Bizarrely I didn’t actually have a permanent place to sit where I could admire my hard work.
There is an art to choosing and placing garden seating. First decide whether you want to sit in full sun, or dappled shade. Watch the path of the sun and make a note of which particular parts of the garden are illuminated at each time of day.
Think about when you will sit in you garden. Will you want to eat breakfast out there? If so pop a seat and little table in a spot which catches the morning sun. If like many of us the only chance you get to sit out is during the evening then look for an area which is bathed in golden light of late afternoon. Would you like to dine out doors in the evening?

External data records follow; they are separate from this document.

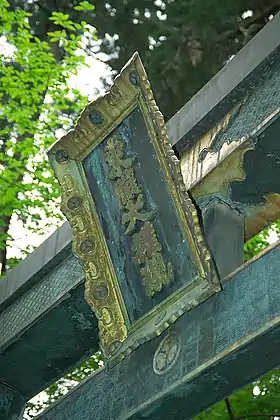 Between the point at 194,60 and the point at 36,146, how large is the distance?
7.89 feet

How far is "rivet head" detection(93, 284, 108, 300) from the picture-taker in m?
5.04

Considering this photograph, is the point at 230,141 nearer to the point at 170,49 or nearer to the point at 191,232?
the point at 191,232

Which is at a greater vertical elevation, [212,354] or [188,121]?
[188,121]

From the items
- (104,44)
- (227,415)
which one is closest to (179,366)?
(227,415)

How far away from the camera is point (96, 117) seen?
507 centimetres

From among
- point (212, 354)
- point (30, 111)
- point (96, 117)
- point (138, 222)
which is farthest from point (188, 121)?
point (30, 111)

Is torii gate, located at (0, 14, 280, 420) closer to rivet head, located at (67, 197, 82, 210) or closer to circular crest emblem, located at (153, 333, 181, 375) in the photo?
circular crest emblem, located at (153, 333, 181, 375)

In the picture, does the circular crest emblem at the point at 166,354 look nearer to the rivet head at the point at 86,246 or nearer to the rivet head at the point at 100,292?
the rivet head at the point at 100,292

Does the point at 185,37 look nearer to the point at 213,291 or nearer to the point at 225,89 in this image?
the point at 225,89

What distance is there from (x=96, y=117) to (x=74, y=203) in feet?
1.85

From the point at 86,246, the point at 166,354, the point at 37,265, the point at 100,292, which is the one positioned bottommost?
the point at 166,354

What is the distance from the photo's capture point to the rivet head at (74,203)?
206 inches

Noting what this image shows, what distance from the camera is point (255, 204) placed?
203 inches

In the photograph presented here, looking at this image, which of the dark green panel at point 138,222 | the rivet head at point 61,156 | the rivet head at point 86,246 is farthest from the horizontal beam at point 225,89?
the rivet head at point 86,246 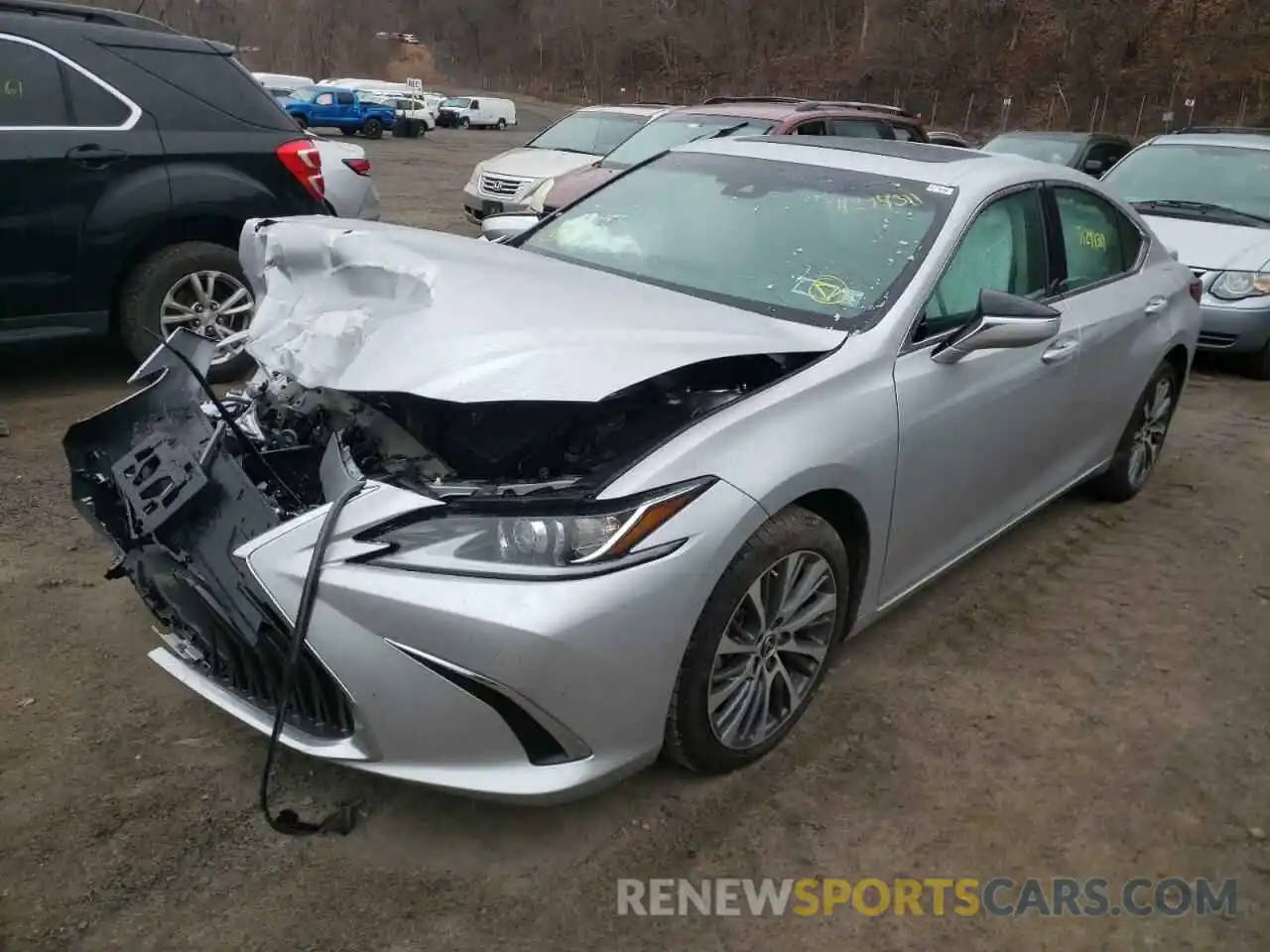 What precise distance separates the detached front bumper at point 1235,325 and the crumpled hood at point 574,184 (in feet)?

Can you make room for a table, and would a patio heater be a good investment, so you can make the most of the setting.
If the only area you can place a bench is in baking sun then it’s good to place some sort of overhead structure. It can
be as simple or elaborate as you like. Sawn tanalised timbers can be used to make a very simple frame over which you can train a vine or climber. Use galvanised screws and it should last 20 years, providing a delightful place to rest
Choose all-weather furniture for ease of use unless you have oodles of storage space for the winter months. Plastic is cheap but can look very tacky. There are some wonderful synthetic wicker style pieces available now though, and
excellent metal furniture which requires no care at all. My favourite material is wood though mostly this does require
ongoing maintenance. I did discover some rather attractive polystyrene slatted furniture on an aluminium frame
which looked remarkably like the real deal. If finances allow you can buy beautiful teak wood furniture which requires very little in the way of after care.
Try before you buy! Yes you want your furniture to look wonderful but the most important factor is comfort. Are the
seats wide enough?
Finally, to bring a touch of indoor comfort and style to an outdoor area I discovered outdoor rugs! Yes really. Made from long-lasting material, outdoor rugs can cope with rain or shine. They are made from robust, resistant, easy-care synthetic fibres, which absorb minimal moisture and which dry quickly afterwards. They don’t fade even when exposed to bright sunlight and are cleaned easily by vacuuming, with a broom, or by beating them. I was a sceptic, but I think I’m a convert and bought a little one to place in front of my bench. My dog loves it!
This month. . .
August is usually one of the hottest months of the year - making watering essential. Try to use grey water wherever possible, especially as water butts may be running low.